7 Ahmed (Citation2011) shows that more complex GARCH specifications for skewness and kurtosis (e.g. T-GARCH models) are inferior to the standard one.
8 This Gram–Charlier series expansion, where skewness and kurtosis directly appear as parameters, has become popular in finance as a generalization of the normal density (see Jondeau and Rockinger, Citation2001; León et al., Citation2009).
9 Note that, in the estimation process, the parameters of the variance and kurtosis equations are restricted to be nonnegative because variance and kurtosis have to take nonnegative values by definition.
10 An alternative approach for modelling time-varying mean and variance, but constant skewness and kurtosis, has been proposed by Premaratne and Bera (Citation2000).

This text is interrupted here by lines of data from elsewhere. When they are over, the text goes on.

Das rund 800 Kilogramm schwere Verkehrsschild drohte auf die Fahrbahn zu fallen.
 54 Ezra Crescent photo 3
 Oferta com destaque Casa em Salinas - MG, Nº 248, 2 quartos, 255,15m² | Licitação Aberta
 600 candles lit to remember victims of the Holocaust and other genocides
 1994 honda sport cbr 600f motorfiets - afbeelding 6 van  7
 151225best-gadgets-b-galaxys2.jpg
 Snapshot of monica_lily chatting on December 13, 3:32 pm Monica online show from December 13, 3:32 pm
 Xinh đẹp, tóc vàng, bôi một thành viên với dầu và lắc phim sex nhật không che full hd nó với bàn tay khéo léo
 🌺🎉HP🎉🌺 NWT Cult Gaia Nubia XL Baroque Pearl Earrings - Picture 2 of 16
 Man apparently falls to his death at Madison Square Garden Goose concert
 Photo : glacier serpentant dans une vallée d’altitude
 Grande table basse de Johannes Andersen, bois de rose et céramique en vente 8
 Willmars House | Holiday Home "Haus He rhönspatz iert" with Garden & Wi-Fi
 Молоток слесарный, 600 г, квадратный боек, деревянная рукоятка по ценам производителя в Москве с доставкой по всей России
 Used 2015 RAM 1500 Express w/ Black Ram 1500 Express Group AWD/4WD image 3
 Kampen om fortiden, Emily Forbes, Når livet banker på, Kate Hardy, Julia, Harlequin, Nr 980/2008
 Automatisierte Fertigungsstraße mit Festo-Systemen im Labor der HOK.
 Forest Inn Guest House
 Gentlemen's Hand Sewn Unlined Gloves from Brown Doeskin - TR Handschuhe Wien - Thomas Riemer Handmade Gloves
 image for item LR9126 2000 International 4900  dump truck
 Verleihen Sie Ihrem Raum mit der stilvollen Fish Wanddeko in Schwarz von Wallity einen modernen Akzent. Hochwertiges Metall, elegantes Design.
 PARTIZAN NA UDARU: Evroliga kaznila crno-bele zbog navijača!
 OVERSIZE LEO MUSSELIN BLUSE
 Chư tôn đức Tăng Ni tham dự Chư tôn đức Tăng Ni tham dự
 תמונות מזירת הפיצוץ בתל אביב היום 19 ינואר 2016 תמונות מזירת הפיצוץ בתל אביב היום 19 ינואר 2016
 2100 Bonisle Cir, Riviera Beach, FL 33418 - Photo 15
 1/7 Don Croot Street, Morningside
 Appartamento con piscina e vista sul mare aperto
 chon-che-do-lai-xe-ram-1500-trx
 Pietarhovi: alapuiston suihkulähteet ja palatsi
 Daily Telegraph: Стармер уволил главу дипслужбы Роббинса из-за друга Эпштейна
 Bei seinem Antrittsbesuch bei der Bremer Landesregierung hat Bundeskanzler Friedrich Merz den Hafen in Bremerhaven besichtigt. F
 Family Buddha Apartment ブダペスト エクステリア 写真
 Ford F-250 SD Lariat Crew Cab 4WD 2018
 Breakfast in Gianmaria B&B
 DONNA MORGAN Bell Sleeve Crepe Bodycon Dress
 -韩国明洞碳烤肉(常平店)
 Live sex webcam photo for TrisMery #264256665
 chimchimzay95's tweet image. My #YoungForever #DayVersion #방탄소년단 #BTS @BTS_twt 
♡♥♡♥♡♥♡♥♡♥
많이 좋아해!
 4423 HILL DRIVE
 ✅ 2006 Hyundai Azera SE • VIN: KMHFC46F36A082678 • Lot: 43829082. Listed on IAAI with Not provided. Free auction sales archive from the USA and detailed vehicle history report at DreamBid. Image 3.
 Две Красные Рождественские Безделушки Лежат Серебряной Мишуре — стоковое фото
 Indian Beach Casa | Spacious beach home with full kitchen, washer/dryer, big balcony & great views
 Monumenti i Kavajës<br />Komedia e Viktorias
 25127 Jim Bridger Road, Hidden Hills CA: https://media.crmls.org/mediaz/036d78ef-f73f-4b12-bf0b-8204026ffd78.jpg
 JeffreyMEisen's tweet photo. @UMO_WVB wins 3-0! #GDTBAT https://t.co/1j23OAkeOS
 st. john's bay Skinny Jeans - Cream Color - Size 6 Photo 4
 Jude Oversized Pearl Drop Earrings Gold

They suggest capturing asymmetry and excess kurtosis with the Pearson type IV distribution (an approximation of the noncentral t-distribution proposed by Pearson and Merrington, Citation1958), which has three parameters that can be interpreted as volatility, skewness and kurtosis.
11 In our application, an increase of the AR or GARCHSK order beyond the order of these final specifications does not significantly increase model fit (as measured by the Akaike information criterion).
12 The time frame is determined by data availability and the fact that, for result comparability, the same period is used for all precious metals.
13 Unlike most of the previous studies, we do not exclude non-Friday returns because that would not allow full information GARCH modelling and thus deliver no adequate description of the return generating processes.
14 Extensive documentations on historic developments in precious metals markets are offered by the World Gold Council (www.gold.org), the Silver Institute (www.silverinstitute.org) and the International Precious Metal Institute (www.ipmi.org).
15 Higher-order models are often useful when a long span of data is used, like several decades of daily data (see Engle, Citation2001). With additional lags the models allow both fast and slow decay of information.
16 For gold, we encounter the problem that only after the inclusion of the insignificant variable lagged skewness (kurtosis), we are able to come up with nonautocorrelated cubed (fourth order of) standardized residuals. Also, note that, for other gold series available in Thomson Reuters Datastream (GOLDUSD and GOLDHAR), lagged skewness and kurtosis turn out to be significant.
17 Due to space considerations we concentrate on verbally summarizing their basic design and main implications. Detailed results can be made available upon request.
18 This is of interest because empirical results for broad equity and bond indices show that market declines forecast higher volatility than comparable market increases do (see Engle, Citation2001), while results for precious metals markets partially imply the opposite (see Bowden and Payne, Citation2008).
19 This approach is similar to Auer (Citation2014b) who performs a sub-period seasonality analysis for the oil market using bull and bear periods defined by the Bespoke Investment Group.
20 When fitting the models to weekly data, we find similar orders w, p, q, r, s, u and v as in the daily case.